I'm assuming that the B-52's fuselage isn't pressurized, which probably also helps with some of the metal fatigue.

Airlines don't generally retire old planes because they're unsafe, or even more expensive to maintain. Fuel economy tends to drive those decisions, and that's a much lower priority for the military, for better or for worse. (As a data point, new 737 claims to cut fuel consumption by something like 20%, which is ridiculously impressive, considering that we've already made a lot of substantial improvements. Boeing are going to sell a lot of them.)

Really, the B-52 is a pretty good lesson in "don't fix what isn't broken".
posted by schmod at 4:00 PM on December 9, 2015 [1 favorite]


Pretty amazing how effective high altitude air defense anti-proliferation measures have been.
posted by grubby at 4:02 PM on December 9, 2015 [2 favorites]

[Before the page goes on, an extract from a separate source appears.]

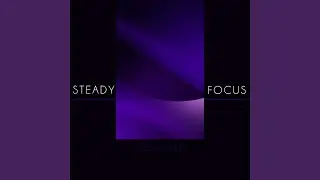 Steady Focus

zamboni: "Autonomous works, as does uncrewed. I usually rework the sentence to avoid it.
Sagan had some thoughts on it
"

It's funny, how I can pretty much visualize(?) any of Sagan's quotes in his voice, without really even making a conscious effort to do so...
posted by schmod at 4:02 PM on December 9, 2015 [1 favorite]


Unpersoned
Unpeopled
Unhelmed
Uncrewed
Crewless
Crewfree
No-Crew
Oh-Crewed
Bloodless
Meatless
Brainless
No-Bodied
No-Souled
No-Minded
Distant-Minded
Far-Minded
Thoughtless
Witless
Fearless
Remote Directed
Remoted
Drone
posted by notyou at 4:08 PM on December 9, 2015 [5 favorites]


BUFF is Big Ugly Fat F...
posted by Chocolate Pickle at 4:22 PM on December 9, 2015 [1 favorite]


Time lapse of depot maintenance on a U2 .

I had no idea they were still flying U2s. That has to make it second only to the 52 in terms of longevity of military aircraft. The U2 entered service in 1957.
posted by Thorzdad at 4:23 PM on December 9, 2015 [1 favorite]


It just makes me think of Warhammer 40k. Like they are always using their blessed inherited weapons/vehicles, passed down from the ages.
posted by Iax at 4:32 PM on December 9, 2015 [1 favorite]


The U-2 is an old design, having first entered service only 2 years after the B-52 was introduced, but the youngest B-52 entered service in 1962, while the youngest U-2 was built in 1989.

From wikipedia: "In 2014, Lockheed Martin determined that the U-2S fleet has used only one-fifth of its design service life and is one of the youngest fleets within the USAF." "Although the RQ-4 is planned to replace the U-2 by 2019, Lockheed claims it can remain viable until 2050."
posted by jjwiseman at 5:15 PM on December 9, 2015


BFDrone.

I thought the Stratofortress was the B-47, that thing with the glass underbelly for the gunner?

The U2? I"ll share this. Long ago, long ago I was on top of Mt. Lemmon outside of Tucson. I heard not a sound on this meadow. Suddenly a large shadow was crossing right at me, I looked up and a U2 was right overhead, not more than seven stories up. It had passed over a low ridge right in front of me. It was beautiful! I once drove on those runways at Davis Monthan where the graveyard is, in my little Triumph Spitfire. No one gave it a second thought back in the day.
posted by Oyéah at 5:18 PM on December 9, 2015


B-47 was the Stratojet.
posted by ROU_Xenophobe at 5:20 PM on December 9, 2015 [1 favorite]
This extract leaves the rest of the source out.